▶ **What is being asked**: Your answer must be an exact copy of the lines below, from the first through the one with "405 - A small", with no pictures.

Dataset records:
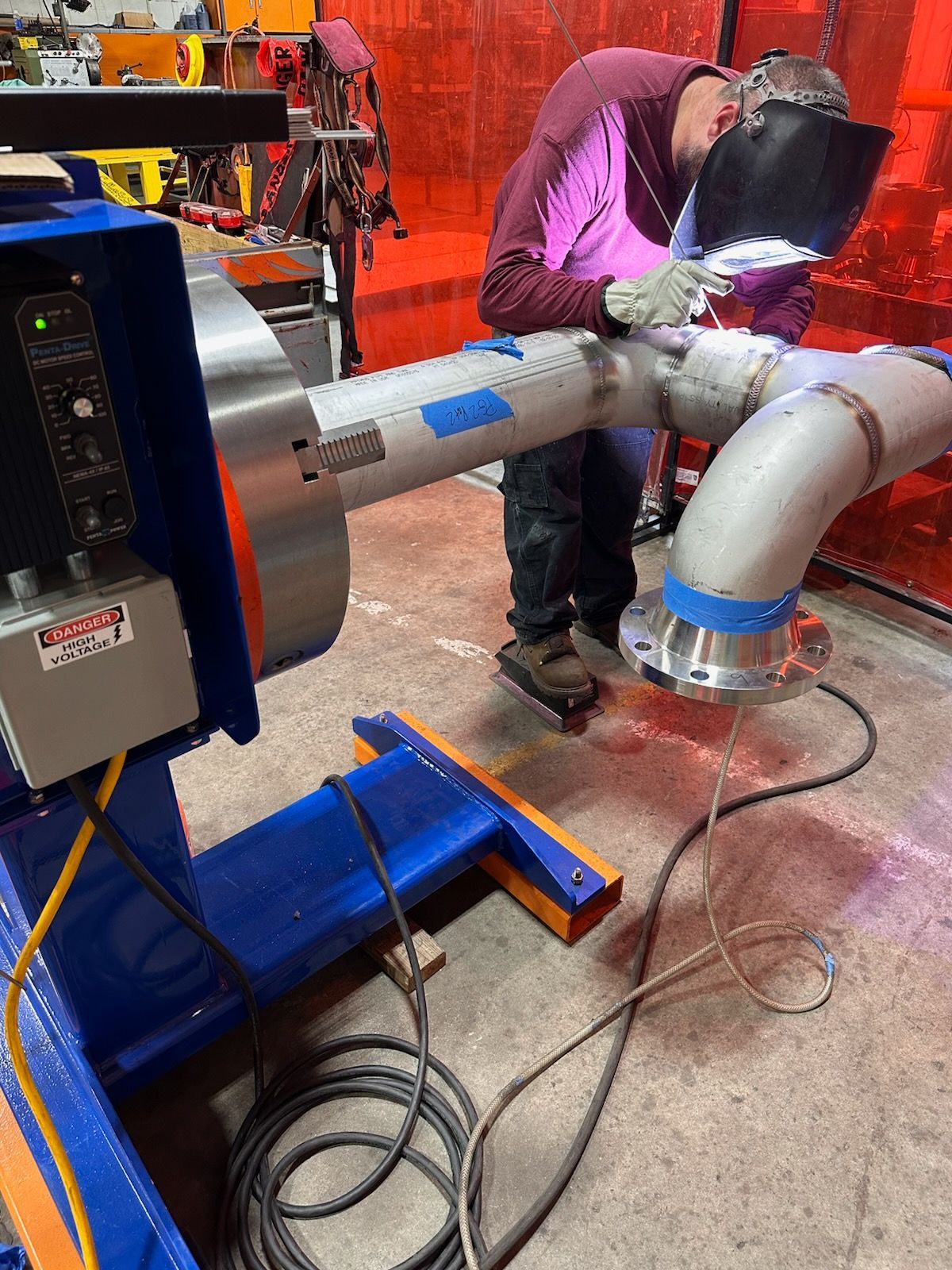 Two men standing on a platform that says jlg on it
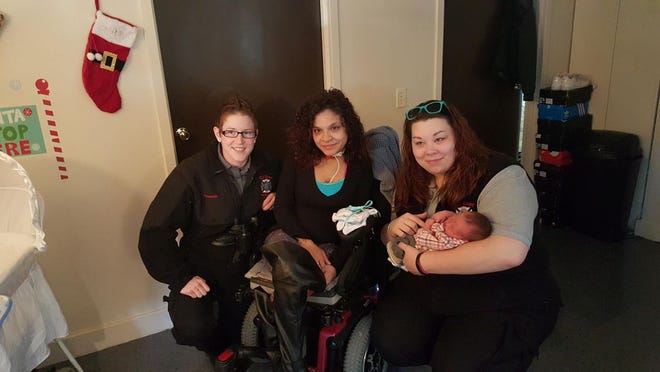 Paramedic Nicole O'Connor, Lilliana Figueroa and paramedic Meghan Fitzgerald pose as Fitzgerald holds Figueroa's baby, Jayceon. O'Connor and Fitzgerald responded to a 911 call Figueroa made, and they helped Figueroa deliver her baby at her home.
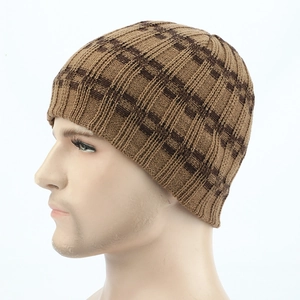 Detail of winter knitted beanie featuring brown checkered pattern and warm thick texture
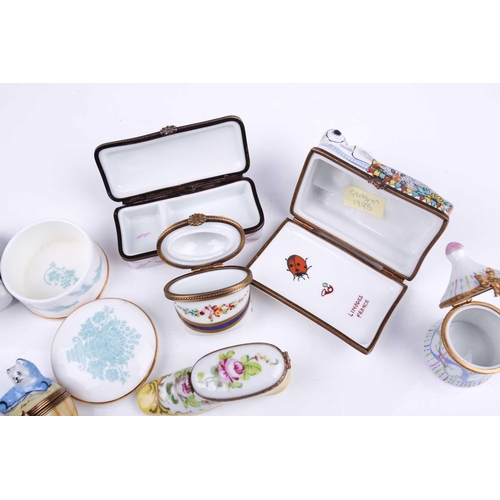 405 - A small collection of Limoges porcelain novelty trinket and pill boxes including boot form box with ... 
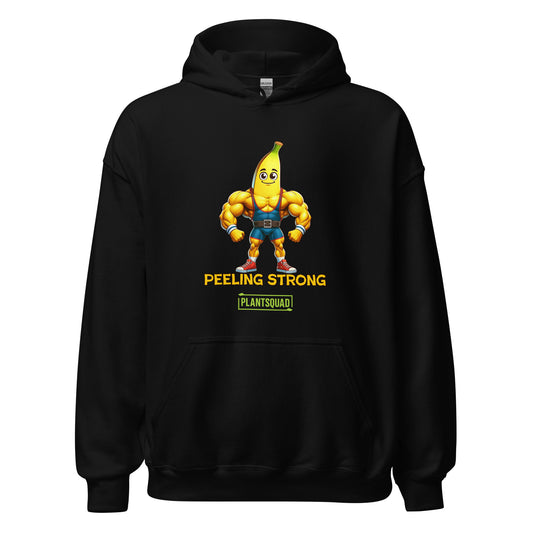 A Plantsquad Banana "Peeling Strong" - Unisex Hoodie features a cartoon banana with muscular arms and legs, wearing shorts and a weightlifting belt. The text reads "PEELING STRONG" above "PLANTSQUAD," perfect for those embracing a vegan lifestyle.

▶ **Response to the exercise**:
 Two men standing on a platform that says jlg on it
 Paramedic Nicole O'Connor, Lilliana Figueroa and paramedic Meghan Fitzgerald pose as Fitzgerald holds Figueroa's baby, Jayceon. O'Connor and Fitzgerald responded to a 911 call Figueroa made, and they helped Figueroa deliver her baby at her home.
 Detail of winter knitted beanie featuring brown checkered pattern and warm thick texture
 405 - A small collection of Limoges porcelain novelty trinket and pill boxes including boot form box with ... 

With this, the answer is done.